Troubleshoot HA/DR clusters

This topic describes common troubleshooting issues and how to solve them.

In this topic:

DR clusters: primary appliance failed
DR clusters: secondary appliance failed
Split-brain situations
Current synchronization operation canceled
Manage nodes automatically removed from clusters
Forcibly remove a node from a cluster
Collect cluster logs for AlgoSec technical support

DR clusters: primary appliance failed

If you have a DR cluster and your primary appliance has failed, perform a manual failover to the secondary appliance by switching appliance roles.

For details, see Switch appliance roles.

DR clusters: secondary appliance failed

If you have a DR cluster and your secondary appliance has failed, do the following:

Fix the secondary appliance.
Re-build your cluster. For details, see Build a cluster.

Split-brain situations

If you've received an email notification that a split-brain situation was detected, do the following:

Break the cluster. For details, see Break a cluster.
Examine any FireFlow tickets and AFA reports on each appliance, and determine which appliance has the most recent data.

Note: If the data on both appliances seem to be equally recent, we recommend choosing the primary appliance.
Re-build the cluster from the appliance with the most recent data. For details, see Build a cluster.

Current synchronization operation canceled

If a new synchronization starts while the previous is still running, the new synchronization is automatically canceled, and the system sends an email notification.

To resolve this issue, configure synchronizations to run less frequently. For details, see Configure HA/DR parameters.

Manage nodes automatically removed from clusters

ASMS automatically removes a secondary cluster in the following scenarios:

If there is less than 10% of disk space found on the Primary data partition.
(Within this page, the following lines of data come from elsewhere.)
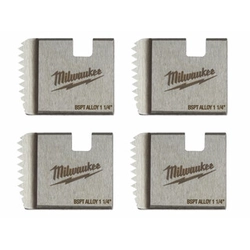 Dispozitiv de tăiat filet pentru țevi Milwaukee BSPT 1-1/4 inch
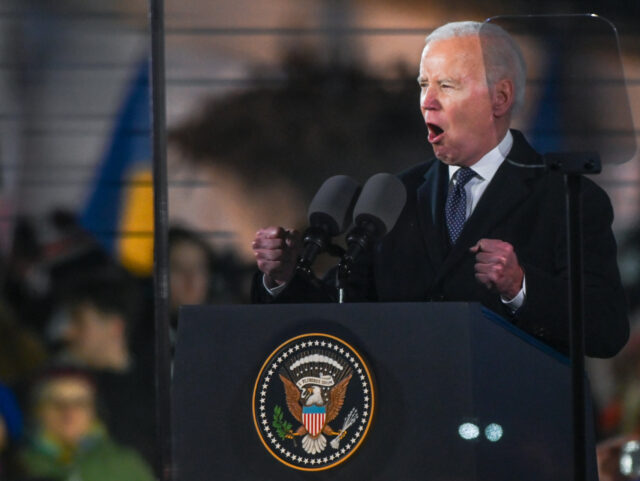 Biden Reaffirms Support For Ukraine
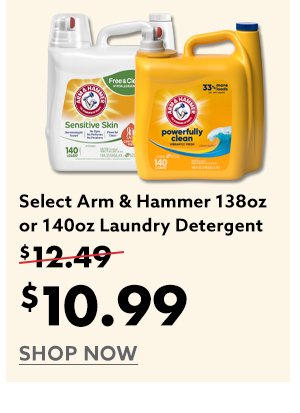 Arm & Hammer Laundry Detergent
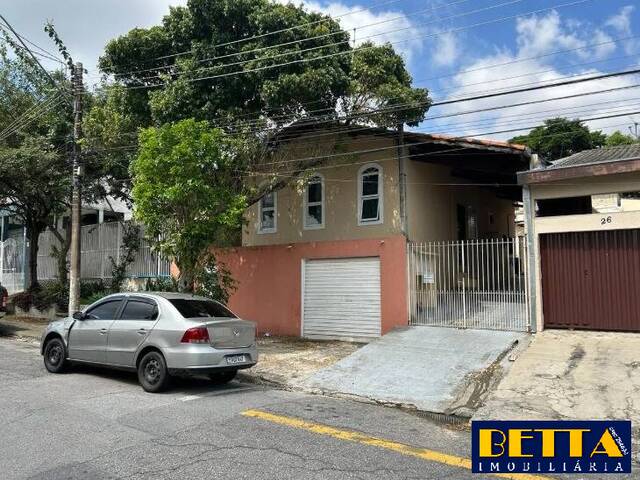 #7848 - Casa para Venda em São José dos Campos - SP - 2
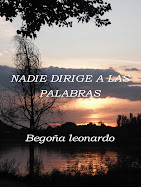 Nadie dirige a las palabras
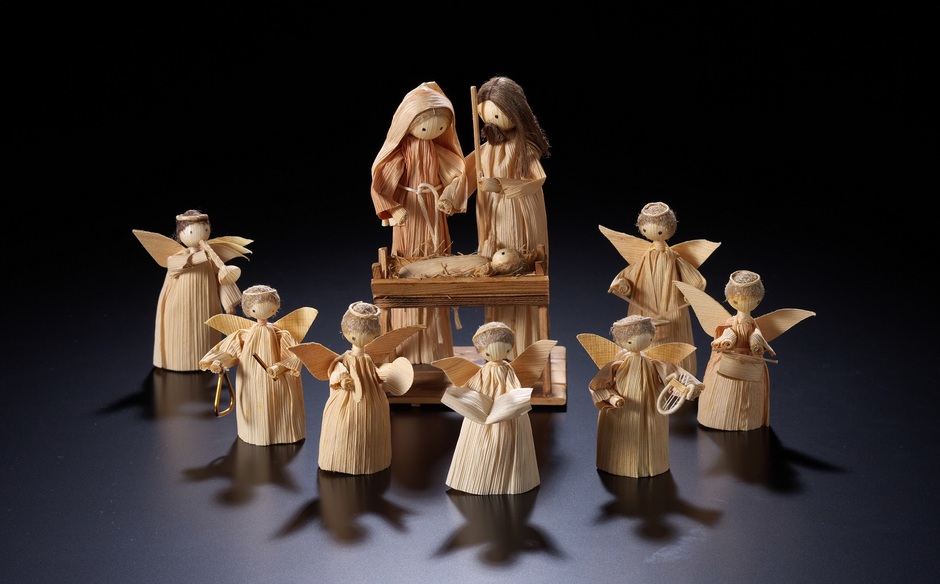 冬の特別展「世界のクリスマス物語～クリスマスの暦をたどって～」【日本玩具博物館】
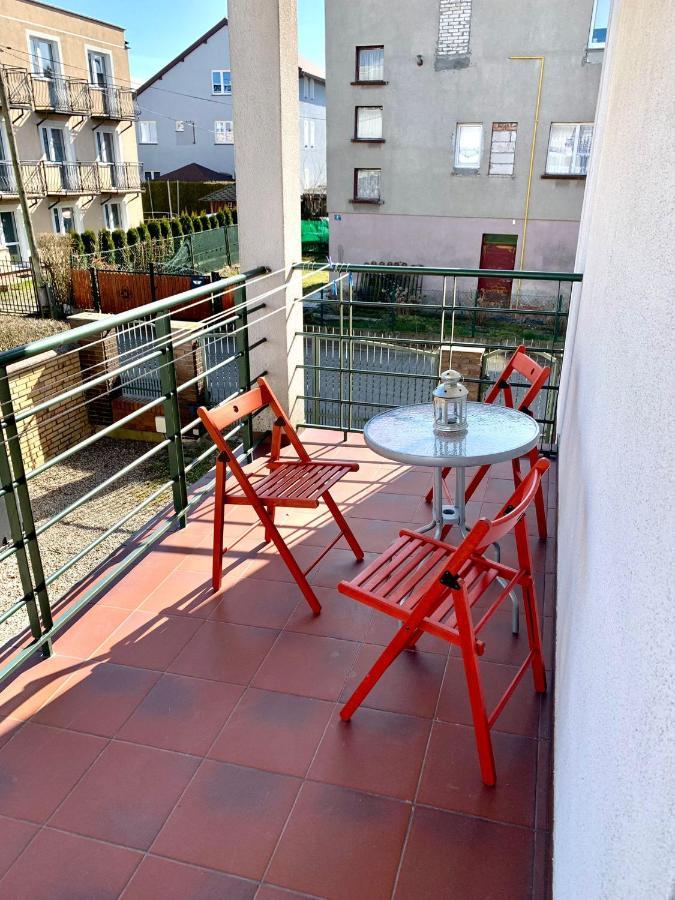 Willa Morski Kwiat Großmöllen Exterior foto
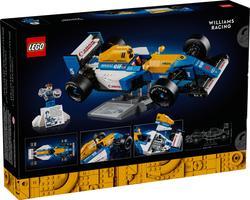 Набор LEGO Williams Racing FW14B & Nigel Mansell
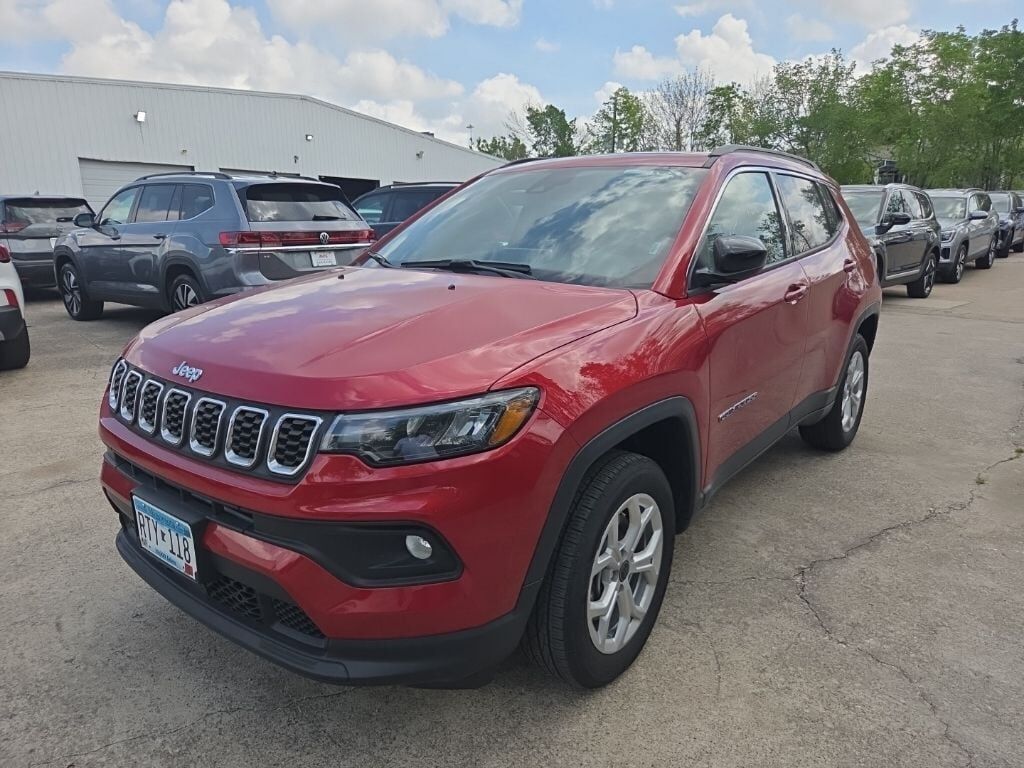 2025 JEEP Compass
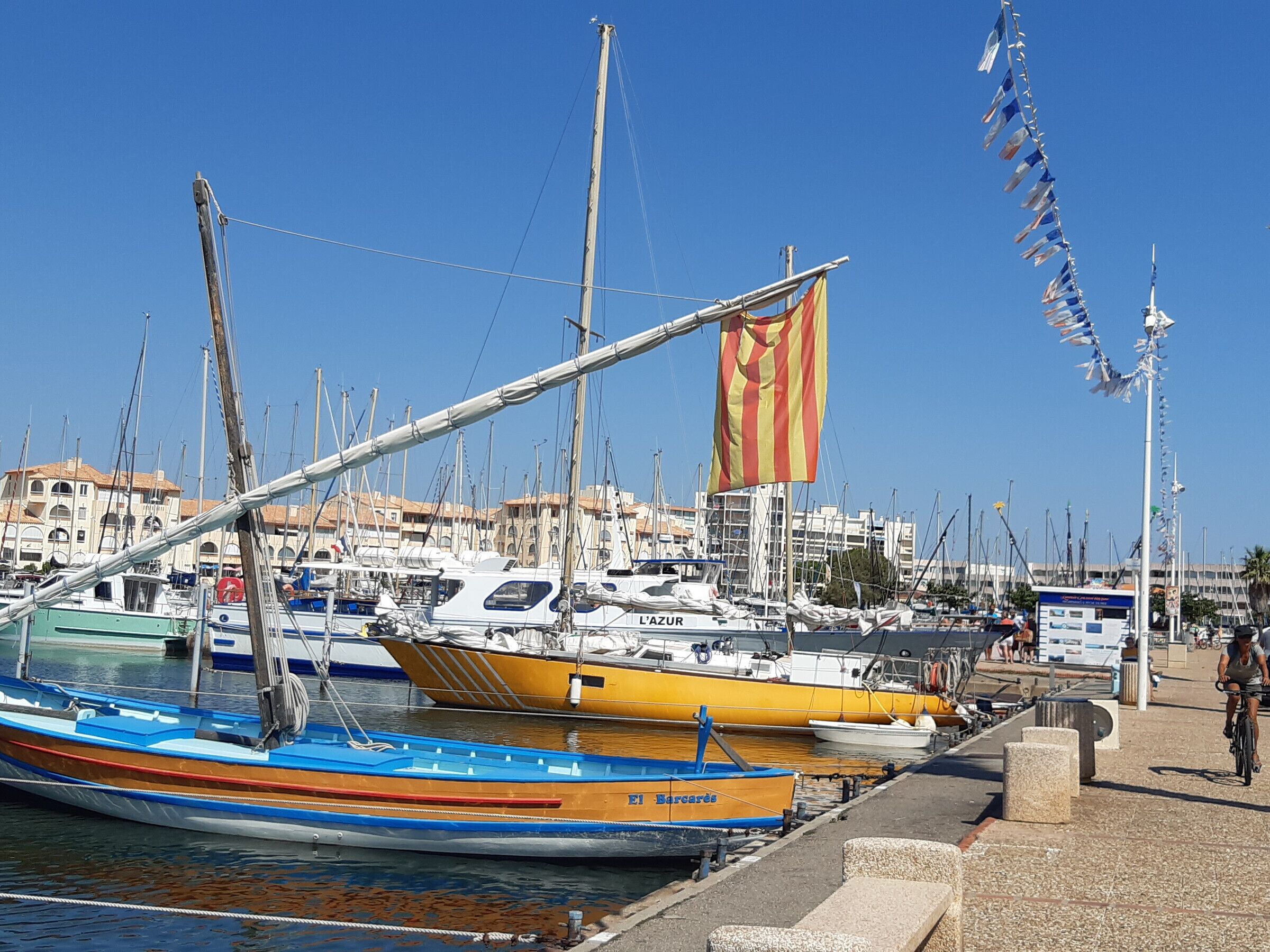 Marina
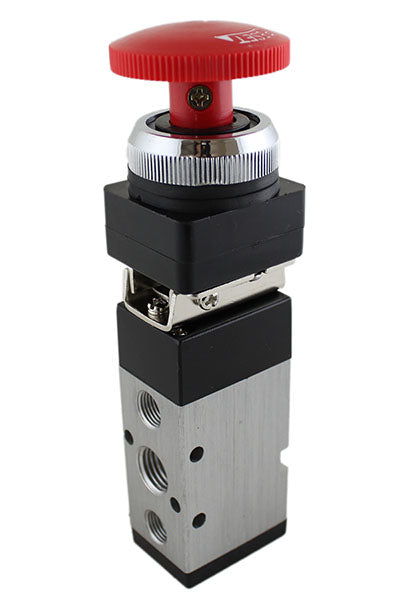 MSV-86522EB Momentary Push Button Valve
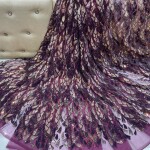 3D RAMBO HEAVY SEQUENCE FABRIC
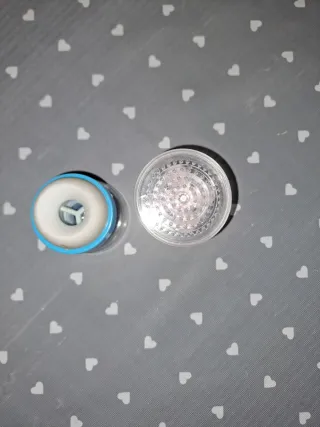 2 Estensori per rubinetto con rotazione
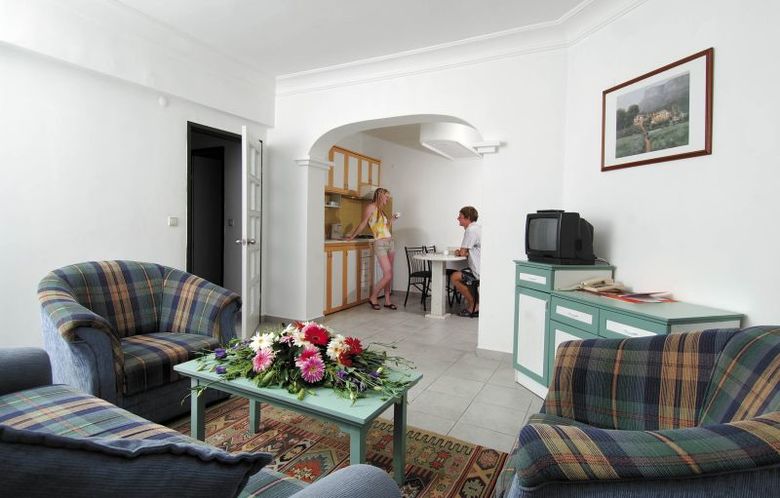 Apartamentos Sifalar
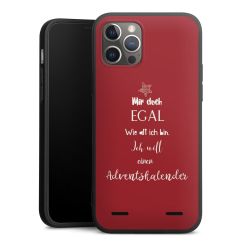 Premium Carry Case Hülle Mattschwarz ohne Band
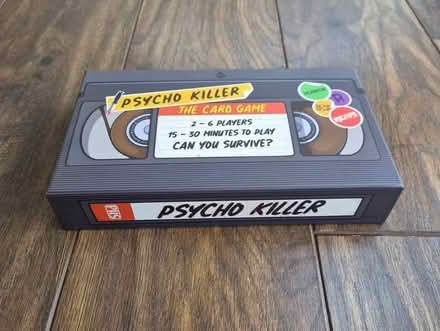 Photo of free Halloween card game (Haslucks Green B90) #1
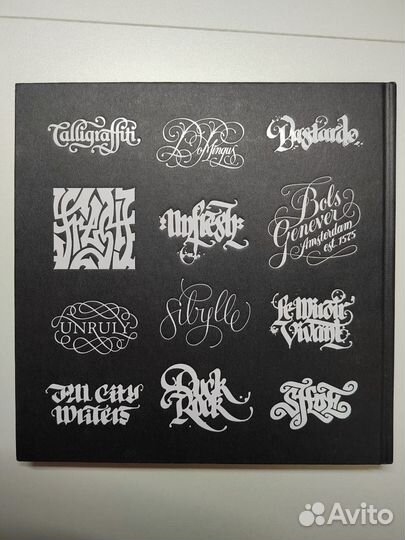 Книга Calligraffiti (Niels Shoe Meulman)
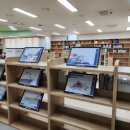 세미도서관 2층 이미지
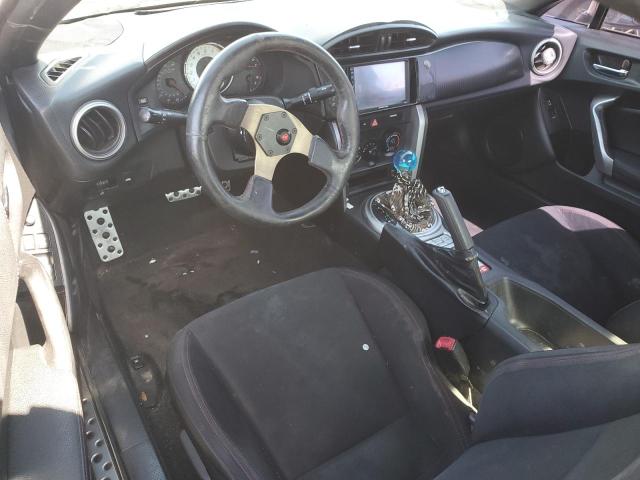 Купе TOYOTA SCION 2013 Сріблястий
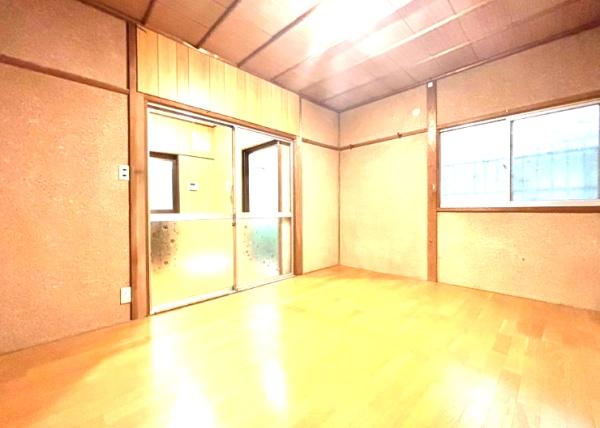 大阪市城東区鴫野西５丁目の中古一戸建て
In this case, a warning message will have been sent by email and to the Issues Center when the Primary was found to have less than 20% free disk space.
If the secondary node is unresponsive for more than 12 hours.

In this case, a warning message will have been sent by email and to the Issues Center when the secondary node had been unresponsive for 6 hours.

When the node is removed, the Central Manager is left as a single-node cluster.

To continue with your cluster, first handle your disk space or connectivity issue, and then re-build the cluster as follows:

Disk space issues

If your node was removed for a disk space issue, do the following:

Log in to the Central Manager and access the Administration menu.
Enter 13 to re-build your cluster and enter the details for your secondary node.

For more details, see Connect to the Administration Interface andBuild a cluster.

Connectivity issues

If your node was removed for a connectivity issue, when the secondary node is available again, it will still be configured to send data to the primary node.

Do the following:

Forcibly remove the cluster configuration from the secondary node, and from any other nodes in the cluster.

For more details, see Forcibly remove a node from a cluster.
Access the Central Manager node to rebuild the cluster again.

Forcibly remove a node from a cluster

This procedure describes how to forcibly remove a node from a cluster, which is sometimes recommended after system or connectivity errors have occurred.

Note: Before you start, we recommend gathering any logs you may need before they are overwritten as the cluster configuration is removed.

Do the following:

If you are recommended to forcibly remove a node from a cluster, do the following:

Log in to the node you want to remove and access the Administration (algosec_conf) menu.
Enter 13 to access the HA/DR configuration.
Enter 1 to forcibly remove the cluster configuration from the node.

Note: This option appears only when the system detects that an error has occurred.

If this option does not appear, you might be trying to break the cluster using the standard procedure. For details, see Break a cluster.
Repeat steps 2-4 on all nodes in the cluster, including the Central Manager.
Log in to the Central Manager and access the Administration (algosec_conf) menu.
Enter 13 to access the HA/DR configuration and rebuild your cluster.

For more details, see Connect to the Administration Interface andBuild a cluster.

Collect cluster logs for AlgoSec technical support

If you've been requested to send cluster logs to AlgoSec technical support for further analysis, do the following:

From the primary or secondary appliance's administration interface main menu, select option 13.
In the HA/DR sub-menu, select Collect HA logs. This is option 3 when there is no cluster configured and option 5 when a cluster is configured.

A *.tar file containing all of the relevant logs will be created in the appliance’s /tmp library.